● **RECORDED INFORMATION**:

┄┄┄┄┄┄┄┄┄┄

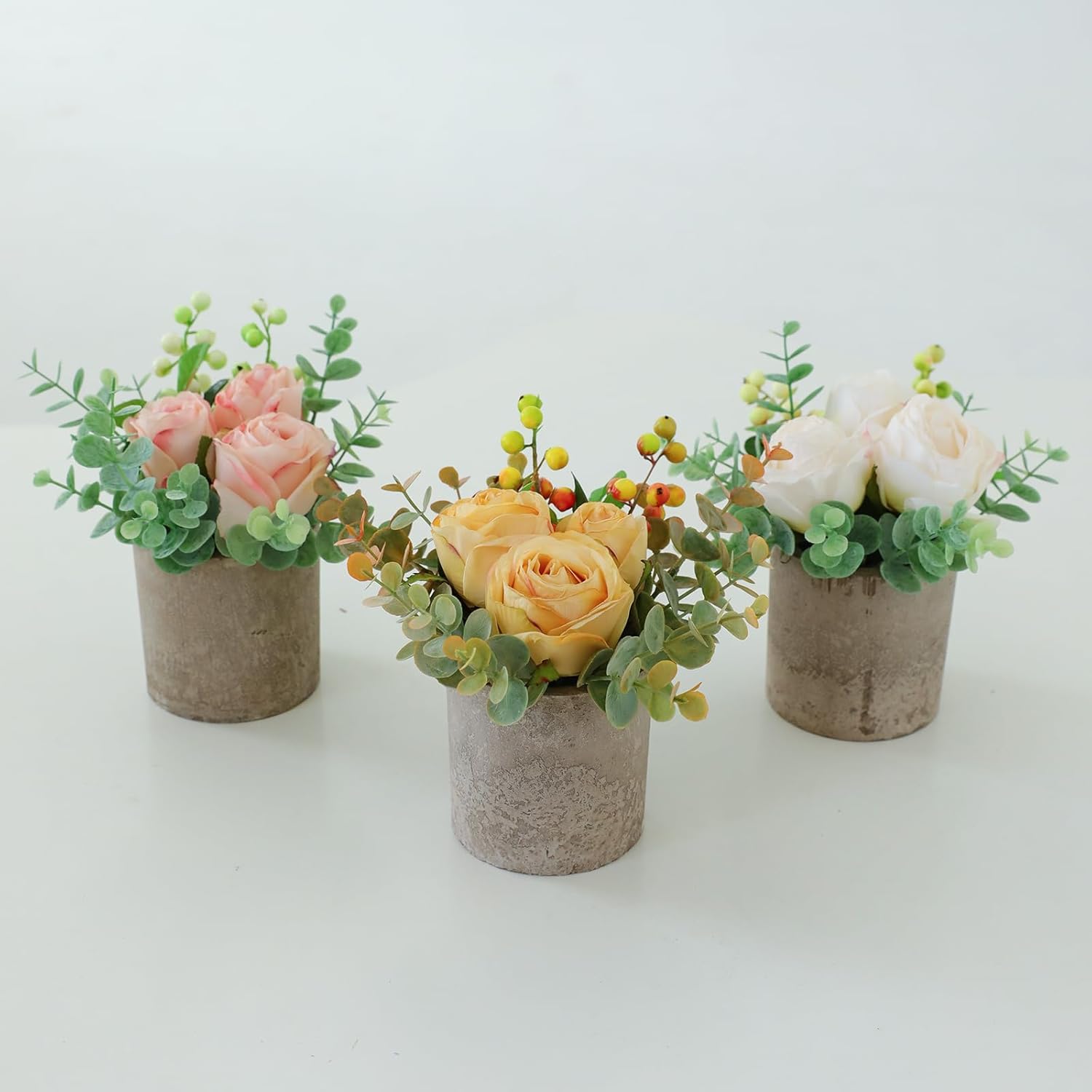 Rosscer Kit de 3 peças de flores artificiais com vaso, combinação de rosas de seda falsas e vegetação, decoração de vasos de plantas pequenas para escritórios, prateleiras, quartos, festas, decorações 1 Rosscer Kit de 3 pecas de flores artificiais com vaso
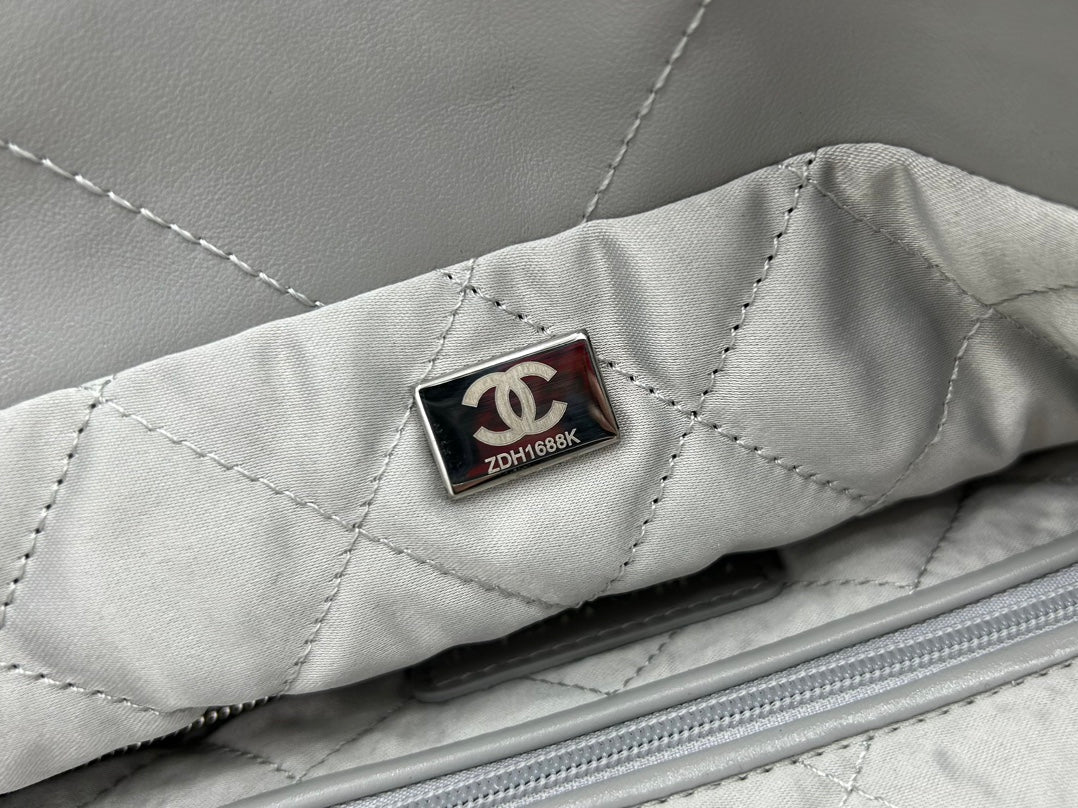 CHANEL MEDIUM 37 HANDBAG IN GREY CALFSKIN SILVER HARDWARE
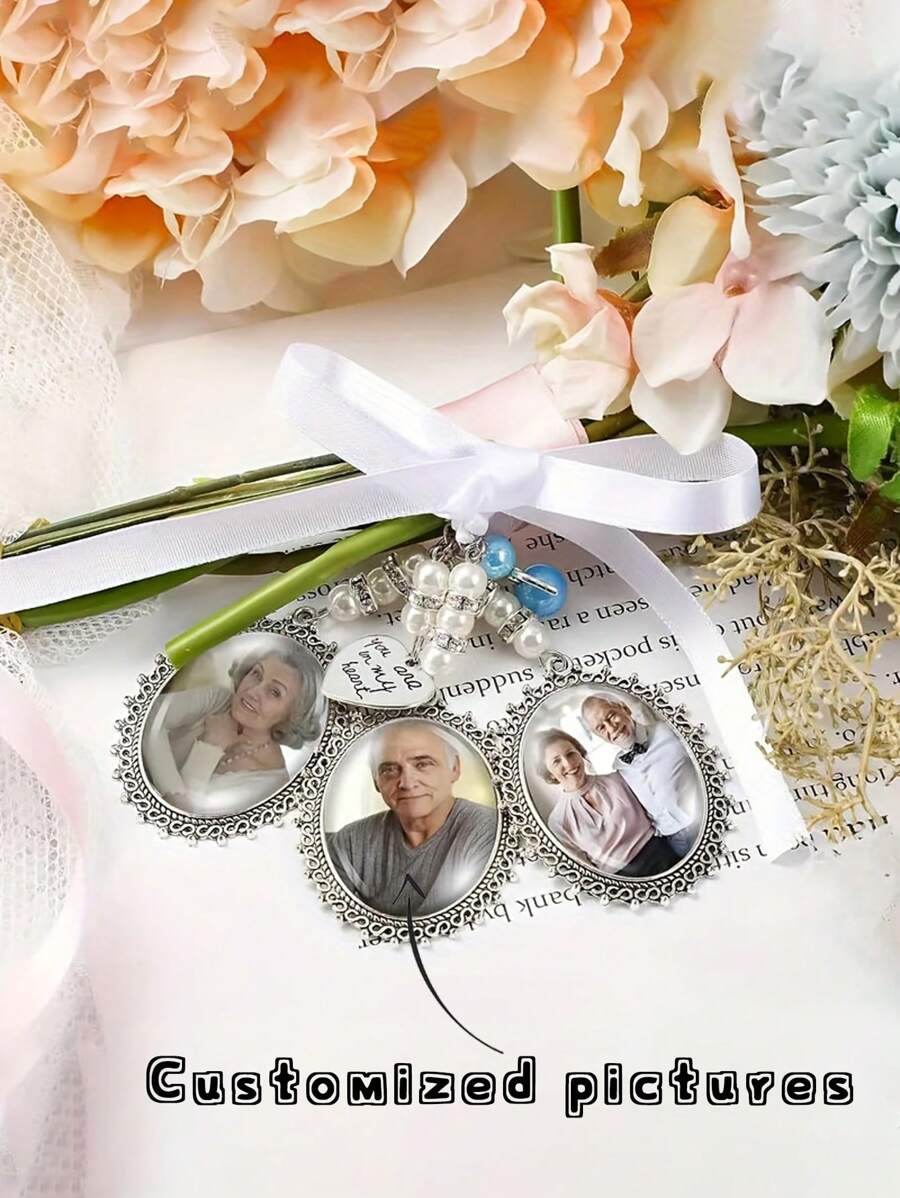 1/2Pcs Personalized Custom Bridal Bouquet Commemorative Brooch, Designed With Various Specifications Of 1/2/3 Photo Pendants, Lace Bow Faux Pearl Decoration, Metal Material Texture Full Of Fashion And Uniqueness, Personalized Beauty, Retro Elegance, Luxurious Warmth, Worn On The Chest, Bouquet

┄┄┄┄┄┄┄┄┄┄

● **TASK ITEM**:
Restate word for word only the lines that run from the line holding "CHANEL MEDIUM 37" to the end of the data, both ends kept, leaving every picture out.

● **SOLUTION FOR THIS EXERCISE**:
 CHANEL MEDIUM 37 HANDBAG IN GREY CALFSKIN SILVER HARDWARE
 1/2Pcs Personalized Custom Bridal Bouquet Commemorative Brooch, Designed With Various Specifications Of 1/2/3 Photo Pendants, Lace Bow Faux Pearl Decoration, Metal Material Texture Full Of Fashion And Uniqueness, Personalized Beauty, Retro Elegance, Luxurious Warmth, Worn On The Chest, Bouquet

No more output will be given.